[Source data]

⟨

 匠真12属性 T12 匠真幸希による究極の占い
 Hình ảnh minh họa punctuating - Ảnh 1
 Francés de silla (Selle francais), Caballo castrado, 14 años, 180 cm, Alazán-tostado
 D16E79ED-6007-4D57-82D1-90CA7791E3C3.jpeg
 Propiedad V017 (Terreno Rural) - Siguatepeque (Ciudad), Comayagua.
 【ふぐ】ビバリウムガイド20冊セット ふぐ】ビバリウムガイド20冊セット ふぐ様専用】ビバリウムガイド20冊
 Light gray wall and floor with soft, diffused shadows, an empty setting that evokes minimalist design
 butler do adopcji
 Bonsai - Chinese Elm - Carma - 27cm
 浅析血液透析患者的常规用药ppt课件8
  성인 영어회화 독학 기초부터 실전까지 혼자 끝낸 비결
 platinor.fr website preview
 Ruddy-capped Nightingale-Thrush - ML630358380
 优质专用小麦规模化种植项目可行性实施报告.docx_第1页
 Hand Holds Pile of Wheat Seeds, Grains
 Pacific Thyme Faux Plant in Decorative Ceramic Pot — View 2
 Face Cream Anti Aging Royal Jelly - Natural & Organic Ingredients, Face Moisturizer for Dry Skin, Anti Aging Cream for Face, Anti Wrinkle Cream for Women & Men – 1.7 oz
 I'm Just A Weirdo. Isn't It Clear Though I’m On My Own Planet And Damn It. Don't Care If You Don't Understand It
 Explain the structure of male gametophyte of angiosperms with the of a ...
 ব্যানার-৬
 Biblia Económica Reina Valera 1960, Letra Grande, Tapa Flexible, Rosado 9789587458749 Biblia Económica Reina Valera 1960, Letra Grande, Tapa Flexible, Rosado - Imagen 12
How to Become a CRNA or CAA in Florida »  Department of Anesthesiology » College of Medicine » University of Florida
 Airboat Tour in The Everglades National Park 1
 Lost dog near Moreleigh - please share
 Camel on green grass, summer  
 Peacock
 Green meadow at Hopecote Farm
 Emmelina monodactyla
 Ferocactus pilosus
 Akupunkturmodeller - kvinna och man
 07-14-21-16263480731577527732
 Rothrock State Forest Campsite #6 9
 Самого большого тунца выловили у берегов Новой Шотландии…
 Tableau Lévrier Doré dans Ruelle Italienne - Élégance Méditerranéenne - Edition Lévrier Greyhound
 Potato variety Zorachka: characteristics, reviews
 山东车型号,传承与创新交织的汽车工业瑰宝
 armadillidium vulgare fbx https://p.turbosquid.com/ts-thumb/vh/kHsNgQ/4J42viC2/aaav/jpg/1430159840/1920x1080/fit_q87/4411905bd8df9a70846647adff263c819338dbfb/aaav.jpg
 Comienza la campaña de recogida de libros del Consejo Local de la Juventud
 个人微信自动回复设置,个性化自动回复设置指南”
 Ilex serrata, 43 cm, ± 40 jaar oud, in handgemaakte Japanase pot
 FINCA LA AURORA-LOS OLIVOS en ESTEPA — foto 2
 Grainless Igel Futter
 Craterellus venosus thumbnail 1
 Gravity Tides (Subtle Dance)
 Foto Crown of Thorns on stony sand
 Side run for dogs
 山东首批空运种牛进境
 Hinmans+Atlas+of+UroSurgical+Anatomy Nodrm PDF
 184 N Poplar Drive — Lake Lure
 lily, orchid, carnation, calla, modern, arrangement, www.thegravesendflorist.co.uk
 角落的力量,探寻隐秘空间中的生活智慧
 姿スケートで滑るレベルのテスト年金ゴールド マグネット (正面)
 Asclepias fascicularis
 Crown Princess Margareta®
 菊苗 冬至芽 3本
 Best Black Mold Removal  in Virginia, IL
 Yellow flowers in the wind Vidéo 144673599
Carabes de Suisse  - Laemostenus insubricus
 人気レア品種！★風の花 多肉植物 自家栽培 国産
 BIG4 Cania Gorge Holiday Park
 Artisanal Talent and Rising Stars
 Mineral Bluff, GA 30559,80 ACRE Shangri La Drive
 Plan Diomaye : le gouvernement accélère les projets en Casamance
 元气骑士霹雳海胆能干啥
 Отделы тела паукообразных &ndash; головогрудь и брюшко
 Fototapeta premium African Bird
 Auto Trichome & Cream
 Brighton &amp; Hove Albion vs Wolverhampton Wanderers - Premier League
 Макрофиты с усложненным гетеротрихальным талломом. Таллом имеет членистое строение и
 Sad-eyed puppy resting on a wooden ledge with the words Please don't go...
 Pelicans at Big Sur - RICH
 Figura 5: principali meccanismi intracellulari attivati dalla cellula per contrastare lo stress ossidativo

⟩

Work task —
From the entries above, copy out every line where the string "Park" appears.

Answer —
 Airboat Tour in The Everglades National Park 1
 BIG4 Cania Gorge Holiday Park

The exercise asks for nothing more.